特許第３１７７６１０号公報特開平７－７９７７２号公報特開平８－３０８５６２号公報

　生体より分離した生細胞は、生体と同様の環境で保存されることが望ましい。例えば、非凍結の肝細胞を保存する場合、平面状の培養プレートに肝細胞を接着させ、培地を満たし、保温（例えば２５～３７℃）状態に置かれて保存されていた。しかしながら、平面で細胞を培養した場合、生体内の環境と大きく異なるため、細胞が有する本来の機能を消失させるという問題があった。また、培養中あるいは保存中の環境要因、例えば、振動・温度・ＣＯ_２濃度（培地のｐＨの変動）などにより、さらに細胞の機能が低下するという問題があった。

　また、特許文献１または特許文献２に開示された方法で培養した細胞を保存すると、振動が生じた場合などに、細胞の剥離やゲルの崩壊による細胞死などが懸念されていた。このため、生細胞の三次元構造体を維持した状態で保存したまま輸送し、分離場所から離れた場所で利用することは困難であった。
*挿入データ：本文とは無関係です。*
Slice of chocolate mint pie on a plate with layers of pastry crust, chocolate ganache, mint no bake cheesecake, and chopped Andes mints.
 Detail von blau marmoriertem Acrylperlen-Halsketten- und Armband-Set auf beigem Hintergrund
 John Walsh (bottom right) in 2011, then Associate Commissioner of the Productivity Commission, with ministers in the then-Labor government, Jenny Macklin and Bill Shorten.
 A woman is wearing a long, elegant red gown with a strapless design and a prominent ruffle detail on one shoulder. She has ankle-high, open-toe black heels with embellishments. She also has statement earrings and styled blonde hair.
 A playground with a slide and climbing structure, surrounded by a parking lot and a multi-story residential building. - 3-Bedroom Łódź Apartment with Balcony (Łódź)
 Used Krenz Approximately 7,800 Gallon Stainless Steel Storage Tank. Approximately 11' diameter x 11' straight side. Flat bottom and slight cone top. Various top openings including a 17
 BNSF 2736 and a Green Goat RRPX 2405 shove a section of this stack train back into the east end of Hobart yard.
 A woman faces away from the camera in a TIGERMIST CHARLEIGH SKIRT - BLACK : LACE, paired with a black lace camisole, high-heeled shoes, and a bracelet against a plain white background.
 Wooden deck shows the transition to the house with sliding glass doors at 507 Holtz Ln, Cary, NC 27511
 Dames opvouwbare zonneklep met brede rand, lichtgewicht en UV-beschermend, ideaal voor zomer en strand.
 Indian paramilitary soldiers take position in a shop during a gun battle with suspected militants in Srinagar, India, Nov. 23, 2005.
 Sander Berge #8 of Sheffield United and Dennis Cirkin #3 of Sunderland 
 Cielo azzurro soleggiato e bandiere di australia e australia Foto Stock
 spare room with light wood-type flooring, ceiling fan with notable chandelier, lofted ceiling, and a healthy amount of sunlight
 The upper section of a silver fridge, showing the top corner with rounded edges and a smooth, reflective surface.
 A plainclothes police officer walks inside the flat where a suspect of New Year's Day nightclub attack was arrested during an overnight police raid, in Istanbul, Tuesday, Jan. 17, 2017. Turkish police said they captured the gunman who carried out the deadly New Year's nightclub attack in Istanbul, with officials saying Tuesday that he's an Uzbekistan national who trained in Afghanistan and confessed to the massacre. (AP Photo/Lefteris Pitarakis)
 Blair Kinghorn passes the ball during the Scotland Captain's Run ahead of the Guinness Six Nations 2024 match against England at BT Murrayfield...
その一方で、組織から細胞を単離する機関と、試験、検査する機関とは異なることが多く、単離した細胞の機能を低下させずに保存し、輸送することが望まれていた。

　本発明は、このような問題を解決するためになされたものであり、細胞機能を維持した状態で生細胞を保存する細胞保存方法、及び細胞輸送方法を提供することを目的とする。

　本発明の細胞保存方法の一態様は、複数のマイクロ空間を有する細胞培養容器を用いて生細胞を保存する細胞保存方法であって、生細胞を前記複数のマイクロ空間の表面に接着させて培養し、前記培養後、前記複数のマイクロ空間を覆うように、培地を前記細胞培養容器へ注入し、前記細胞培養容器を、培地が漏れ出さないように密封して保存する。マイクロ空間の表面に生細胞を接着させ、培養に適したマイクロ空間を用いて培養して三次元構造体を各マイクロ容器内に形成させ、三次元構造体をマイクロ容器によって隔離した後、密封して保存することによって、生細胞を、機能を維持した状態で保存することが可能になる。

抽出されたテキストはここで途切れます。